By Amir K
The purpose of this article is to briefly delve into the exploding topic of cryptocurrencies – specifically the financial and economic facets of this market. If you are new to crypto – we hope this is an interesting primer that encourages you to learn more, and if you are not – we hope you find this an insightful refresher nonetheless. We will also briefly look at how the coronavirus has impacted this asset class.
Like most assets, the price of cryptocurrencies is directly impacted by supply and demand, but since cryptocurrencies are fundamentally virtual and digital currencies, their supply must be somewhat artificially controlled to induce scarcity and by extension, value.
This is most commonly done in two ways: by “pre-mining” all existing digital coins so that naturally there are fewer coins with time as they become scarcer, or by increasing the “difficulty” of obtaining/mining these coins – meaning that with time computing efforts to obtain coins are rewarded less and less, making the coins harder to obtain.
Following this principle, it means that with time the supply of a coin such as Bitcoin will eventually deplete to zero. This revolutionary concept of “scalable” growth was first conceptualized by Satoshi Nakamoto – the famous anonymous inventor of Bitcoin.
Note: Mining is the process of generating these coins with computing power, most commonly by solving a difficult mathematical puzzle for which the solver gets rewarded with some fractional amount of the coin – akin to mining for gold.
Demand is driven by several factors – the stage of adoption, ease of access, potential applications/utility being some of the important few, and just recently, the surge in speculative hysteria. These factors are heavily reliant on each other: consider the fact that Bitcoin was invented in 2008 – an era in where smartphones and high-speed internet were not as ubiquitous in everyday life as they are today.
With their proliferation, however, digital wallets holding crypto have become easier to use and maintain, and thus the ease of access and utility of cryptocurrencies has improved. This has moved the market along its stage of adoption, driving up its demand and potential use-cases.
Ease of access and potential applications have also been influenced by the fact that we see crypto ATMs and online exchanges offering crypto at every corner, with companies recognising the utility and security of conducting business on the blockchain (an irrefutable mechanism that acts akin to a ledger securely recording every global transaction done with the coin).

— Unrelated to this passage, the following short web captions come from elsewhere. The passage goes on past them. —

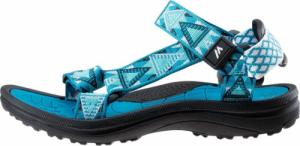 Martes Sandały dziecięce Essentials Mercheto Jr niebieskie r. 31 7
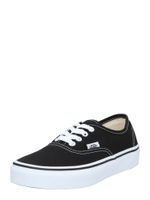 VANS Tenisice 'Authentic'  crna
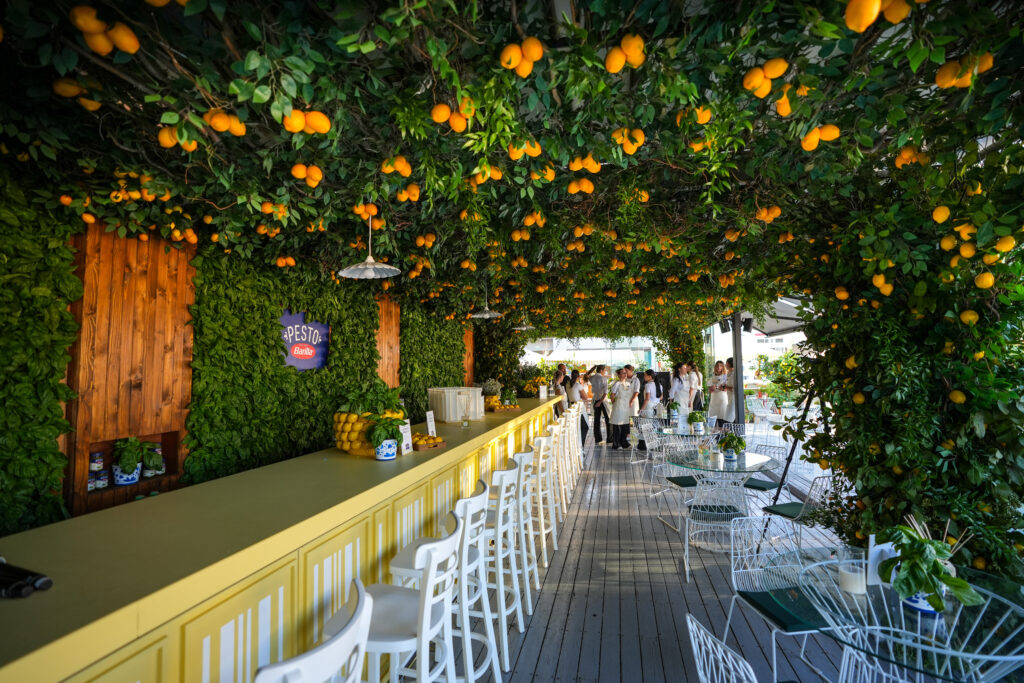 Το Limonaia Urbana Event της Barilla στην Αθήνα ήταν το απόλυτο καλοκαιρινό event της χρονιάς
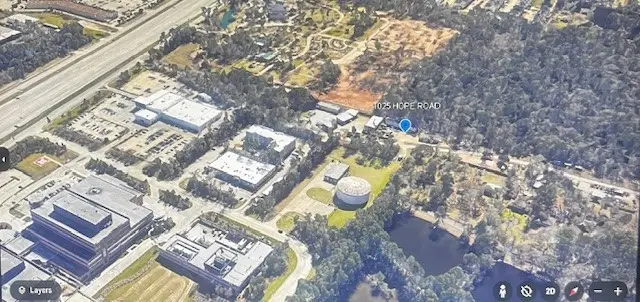 1025 Hope Road, Conroe, TX 77384 - #1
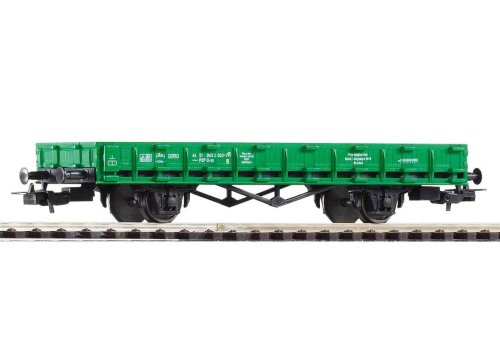 Przejdź do produktu PIKO 58726 -4 H0 - Wagon towarowy niskoburtowy typ U-zx PKP
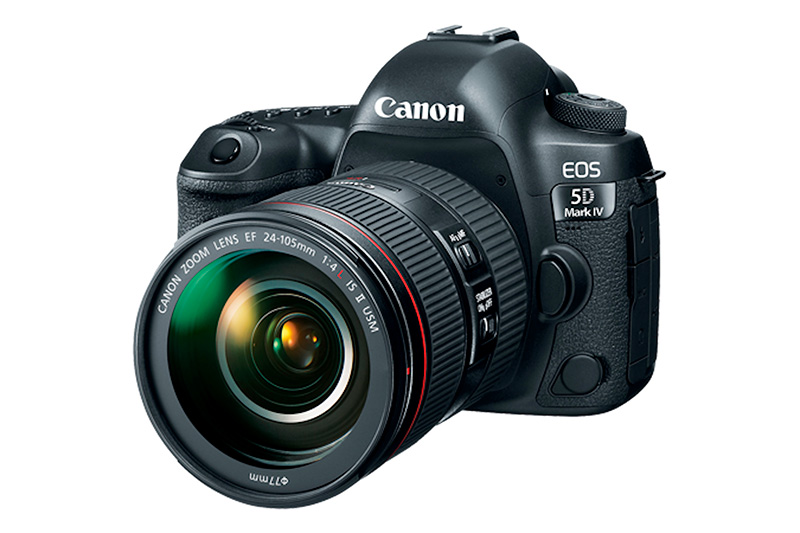 Canon EOS 5D Mark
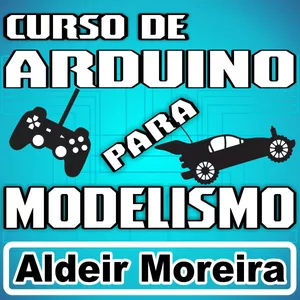Imagem de capa para o Curso online Curso de Arduino e Esp32 para Modelismo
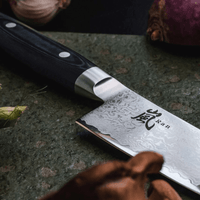 Yaxell - Japanse Santoku 16,5 cm Yaxell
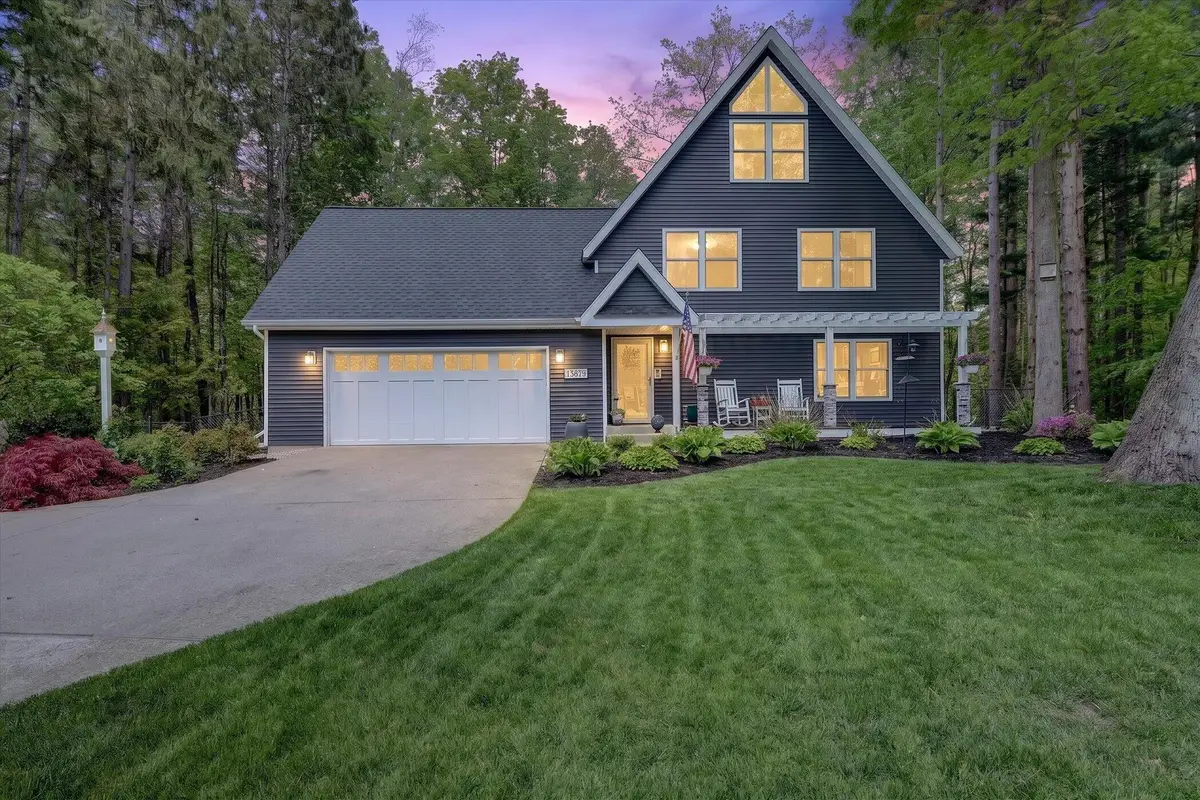 13679 Deer Creek Drive, South Haven, MI 49090 - #1
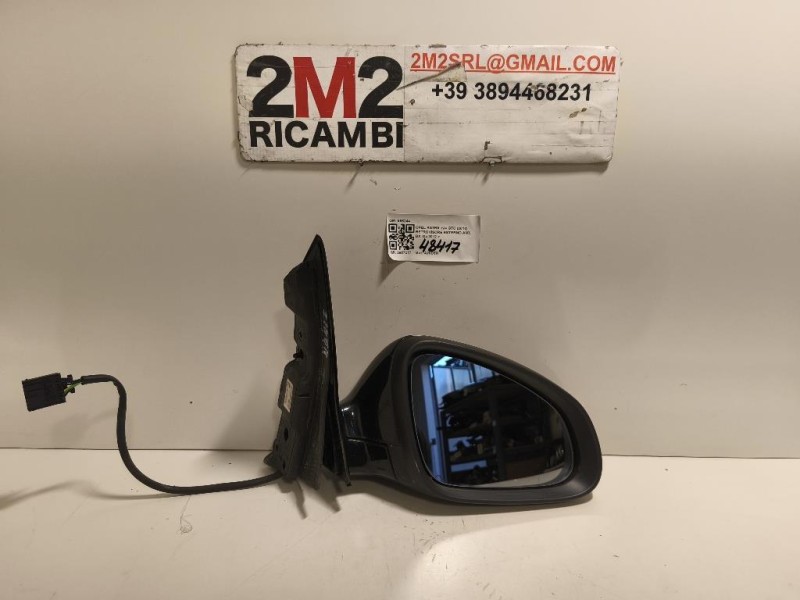 Retrovisore Esterno ANT DX 13342462 Opel Astra J GTC 2010
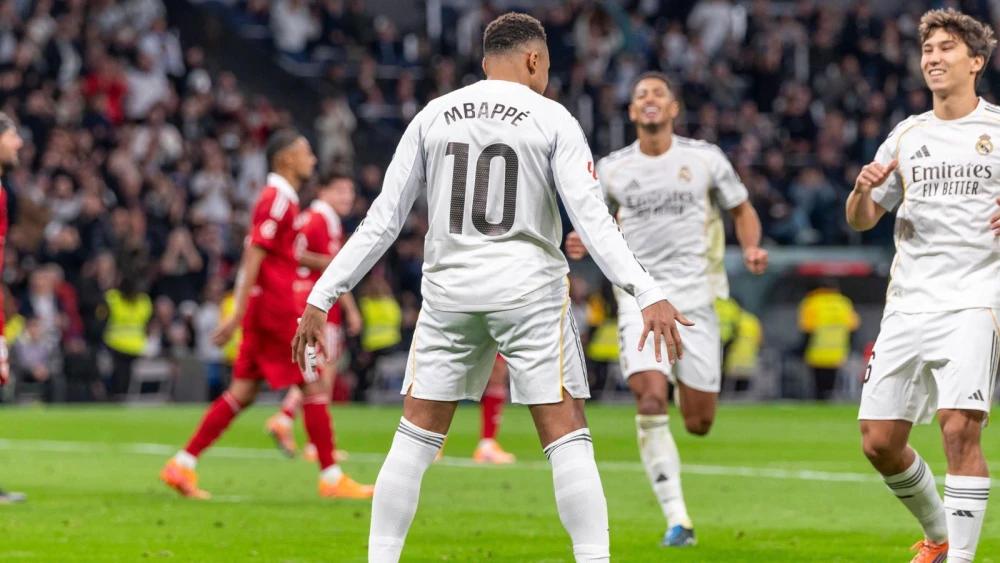 LaLiga: Real Madrid punish 10-man Sevilla to narrow gap to Barcelona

Blockchain is sometimes implemented with the help of “smart” contracts (programmable contracts that guarantee payout independent of environmental and human factors). This is more appealing than contracts in which some party can go to court or argue whether it is obligated to pay, given that the contract is set in stone (code) and is nonnegotiable once agreed upon. Considering that the field in its baby stages, we are yet to see many ground-breaking developments that are sure to bring about new financial and business applications. Developments and the conceptualization of smart contracts have mostly been pioneered with the Ethereum cryptocurrency – if this has piqued your interest, we encourage you to learn more about it.
Speculation and Impact of COVID-19
Speculation deserves its own discussion, considering it is such a crucial factor in driving both the growth of the market and because it is relevant in the current uncertain economic climate. The consistent exponential increase in the capitalization of the market are linked with speculation that the coins are “sky-rocketing” or “devastatingly crashing” in the media and this trend generally comes in waves every couple of years as the prices of most coins subsequently wax and wane, especially if they are the ones extensively covered in the media.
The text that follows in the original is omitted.